Far from receding in memory, the 2008 market crash is still alive and well (make that ill) for a significant number of baby boomers and Gen Xers whose finances really got hammered.
When asked about the crash, more than two-thirds (67 percent) of Gen X and baby boomer respondents said they still feel the impact in how they live, work, save, and spend.
But a subset of respondents is still suffering the effects of the 2008 crash in a far more drastic way.
These “post-crash skeptics,” as the study terms them, “appear … to suffer from a significant psychological impact on their financial attitudes and behaviors, including lost confidence in financial institutions and a switch to more conservative investments.”

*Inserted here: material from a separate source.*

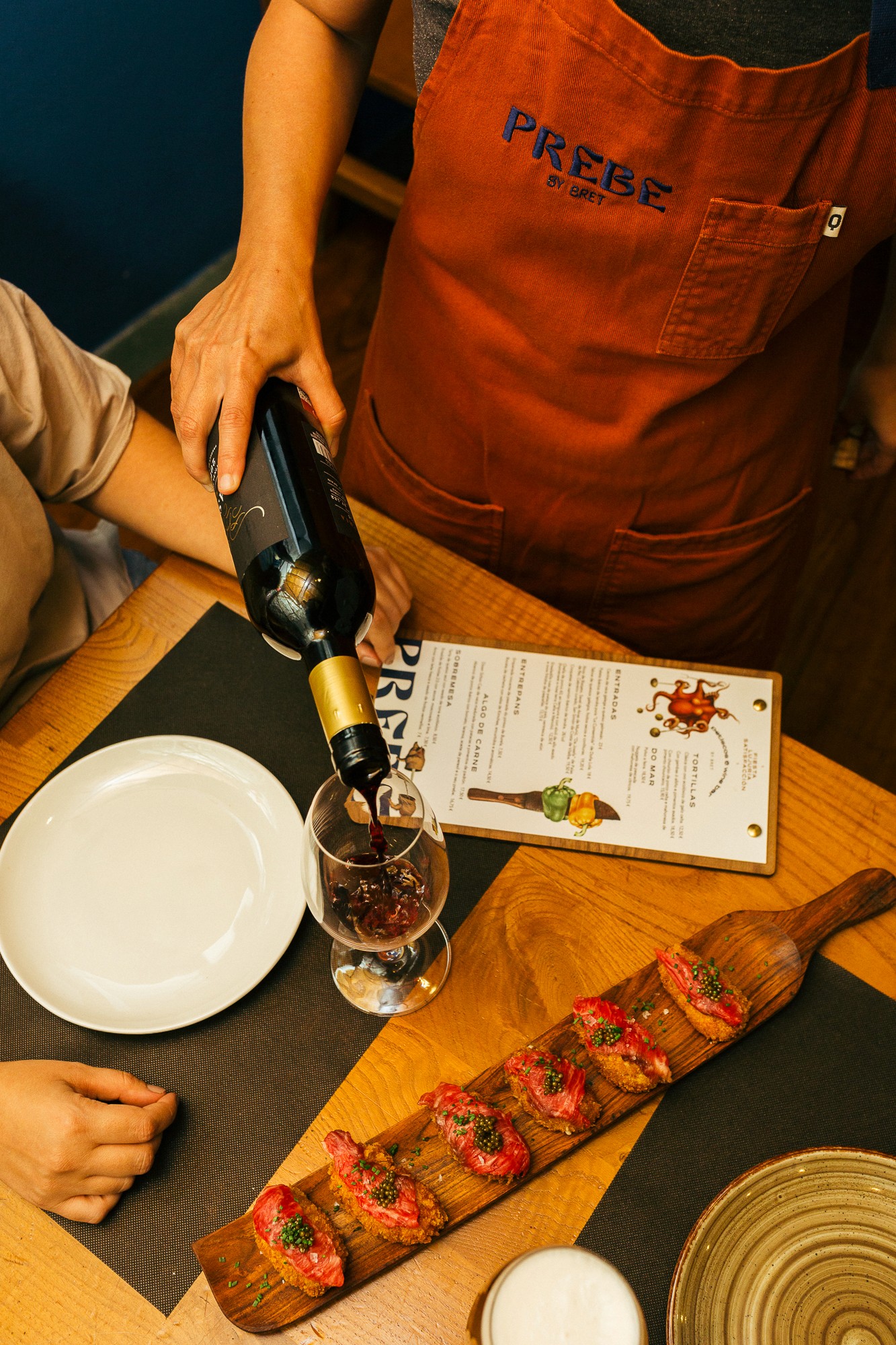 Prebe restauración | Fotografía Lorena Grandío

No surprise there—they have plenty of reasons. Read on to learn why.
The percentage of “skeptics” who said the crash still haunts them today is huge: a whopping 93 percent.
The group is made up of GenXers and boomers “who experienced six or more major effects of the crash.”
These folks are so wounded by what happened to them that 93 percent believe the traditional definition of retirement is now a “romantic fantasy of the past.” Among the overall population of respondents, just 84 percent—a high number in itself—said so.
Study respondents were asked a series of 13 questions about possible experiences from the 2008 crash, including whether their home or 401(k) went down in value, whether they or a family member lost a job and whether their savings and/or retirement planning were affected.
One out of every five (20 percent) of all respondents replied that they’d experienced six or more of these events, identifying them as post-crash skeptics.
While 58 percent of both Gen Xers and boomers—a clear majority—said the crash had fundamentally made them more cautious and changed their thinking about risk and investments, the post-crash skeptics felt that impact even more.
A full 83 percent of post-crash skeptics said the crash made them more cautious in their financial strategy, which could adversely impact their ability to effectively save for retirement.
Seventy-seven percent of skeptics have lost faith in financial institutions, compared to 38 percent of the overall respondent population. In addition, 67 percent of skeptics now say they regard the market as risky (compared with 32 percent of respondents overall), and 43 percent fled to more conservative investments or products, compared with 22 percent overall.
Half the skeptics said they’d incurred more debt after the crash, compared with 23 percent of respondents overall, while 41 percent said that they or a partner had lost a job.
That’s nearly three times the rate among overall respondents (15 percent).
And 41 percent of skeptics stopped saving for retirement since the crash; that’s more than three times that of Gen Xers and boomers as a group.
And half (52 percent) don’t believe they’ll have the lifestyle they want in retirement, compared with 39 percent of respondents overall.